Fewer parents are likely to say that schools should focus on reducing their environmental footprints, push students to engage in environmental activism, or lobby for Canada to meet the 2016 Paris Agreement’s emission-reduction targets.
And yet, plenty of school boards across Canada are doing exactly that. For example, the Seven Oaks School Division in Winnipeg is currently conducting a comprehensive audit of its environmental footprint and intends to develop a climate action plan to reduce its footprint. Not only does Seven Oaks have a senior administrator assigned to this responsibility, but each of its 28 schools has a designated climate action leader.
Other school boards have gone even further. In 2019 Toronto District School Board (TDSB) trustees passed a “climate emergency” resolution and promised to develop a climate action plan. Not only does the TDSB now have an entire department in their central office focused on this goal, but it also publishes an annual climate action report. The most recent report is 58 pages long and covers everything from promoting electric school buses to encouraging schools to gain EcoSchools certification.
Not to be outdone, the Vancouver School District (VSD) recently published its Environmental Sustainability Plan, which highlights the many green initiatives in its schools.
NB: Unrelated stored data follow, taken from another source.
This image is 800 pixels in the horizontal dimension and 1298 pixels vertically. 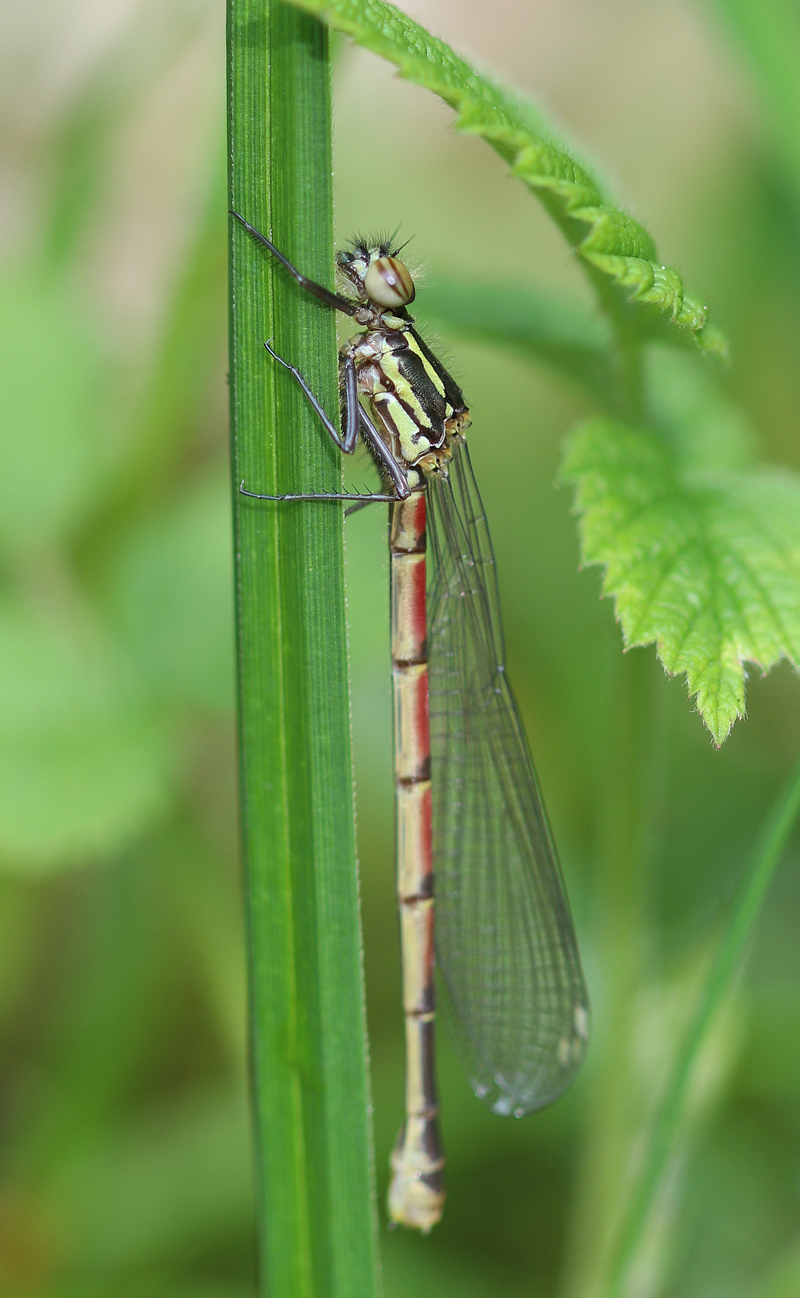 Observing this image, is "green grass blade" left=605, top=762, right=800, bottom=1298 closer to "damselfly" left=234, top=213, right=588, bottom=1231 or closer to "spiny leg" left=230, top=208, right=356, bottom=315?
"damselfly" left=234, top=213, right=588, bottom=1231

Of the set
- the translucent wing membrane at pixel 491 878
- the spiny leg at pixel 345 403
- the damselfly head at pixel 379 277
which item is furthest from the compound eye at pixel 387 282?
the translucent wing membrane at pixel 491 878

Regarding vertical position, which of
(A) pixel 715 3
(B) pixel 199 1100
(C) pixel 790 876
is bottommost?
(B) pixel 199 1100

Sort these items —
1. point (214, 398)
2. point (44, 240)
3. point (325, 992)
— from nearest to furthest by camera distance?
point (325, 992) → point (44, 240) → point (214, 398)

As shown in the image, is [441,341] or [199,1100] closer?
[441,341]

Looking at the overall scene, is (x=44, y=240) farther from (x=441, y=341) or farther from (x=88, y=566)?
(x=441, y=341)

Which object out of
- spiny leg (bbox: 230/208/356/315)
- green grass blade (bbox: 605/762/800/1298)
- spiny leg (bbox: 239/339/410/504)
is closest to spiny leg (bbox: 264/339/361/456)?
spiny leg (bbox: 239/339/410/504)

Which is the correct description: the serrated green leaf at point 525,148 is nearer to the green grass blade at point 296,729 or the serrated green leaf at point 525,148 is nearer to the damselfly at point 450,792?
the green grass blade at point 296,729

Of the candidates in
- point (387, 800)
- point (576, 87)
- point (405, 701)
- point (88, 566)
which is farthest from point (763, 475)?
point (576, 87) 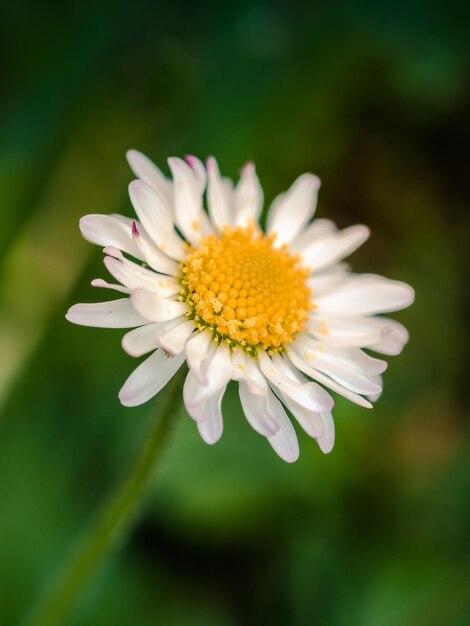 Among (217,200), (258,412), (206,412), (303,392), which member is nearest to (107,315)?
(206,412)

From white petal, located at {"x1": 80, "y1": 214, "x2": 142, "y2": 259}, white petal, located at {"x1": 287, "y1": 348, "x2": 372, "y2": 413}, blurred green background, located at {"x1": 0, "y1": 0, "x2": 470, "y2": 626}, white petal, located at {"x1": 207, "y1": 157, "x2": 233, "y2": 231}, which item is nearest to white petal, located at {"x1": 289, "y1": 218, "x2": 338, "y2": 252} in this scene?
white petal, located at {"x1": 207, "y1": 157, "x2": 233, "y2": 231}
This plan states that the VSD should be the “greenest, most sustainable school district in North America.”
Some trustees want to go even further. Earlier this year, the British Columbia School Trustees Association released its Climate Action Working Group report that calls on all B.C. school districts to “prioritize climate change mitigation and adopt sustainable, impactful strategies.” It also says that taking climate action must be a “core part” of school board governance in every one of these districts.
Apparently, many trustees and school board administrators think that engaging in climate action is more important than providing students with a solid academic education. This is an unfortunate example of misplaced priorities.
There’s an old saying that when everything is a priority, nothing is a priority. Organizations have finite resources and can only do a limited number of things. When schools focus on carbon footprint audits, climate action plans and EcoSchools certification, they invariably spend less time on the nuts and bolts of academic instruction.
This might be less of a concern if the academic basics were already understood by students. But they aren’t. According to the most recent data from the Programme for International Student Assessment (PISA), the math skills of Ontario students declined by the equivalent of nearly two grade levels over the last 20 years while reading skills went down by about half a grade level. The downward trajectory was even sharper in B.C., with a more than two grade level decline in math skills and a full grade level decline in reading skills.
If any school board wants to declare an emergency, it should declare an academic emergency and then take concrete steps to rectify it. The core mandate of school boards must be the education of their students.
For starters, school boards should promote instructional methods that improve student academic achievement. This includes using phonics to teach reading, requiring all students to memorize basic math facts such as the times table, and encouraging teachers to immerse students in a knowledge-rich learning environment.
School boards should also crack down on student violence and enforce strict behaviour codes. Instead of kicking police officers out of schools for ideological reasons, school boards should establish productive partnerships with the police. No significant learning will take place in a school where students and teachers are unsafe.
Obviously, there’s nothing wrong with school boards ensuring that their buildings are energy efficient or teachers encouraging students to take care of the environment. The problem arises when trustees, administrators and teachers lose sight of their primary mission. In the end, schools should focus on academics, not environmental activism.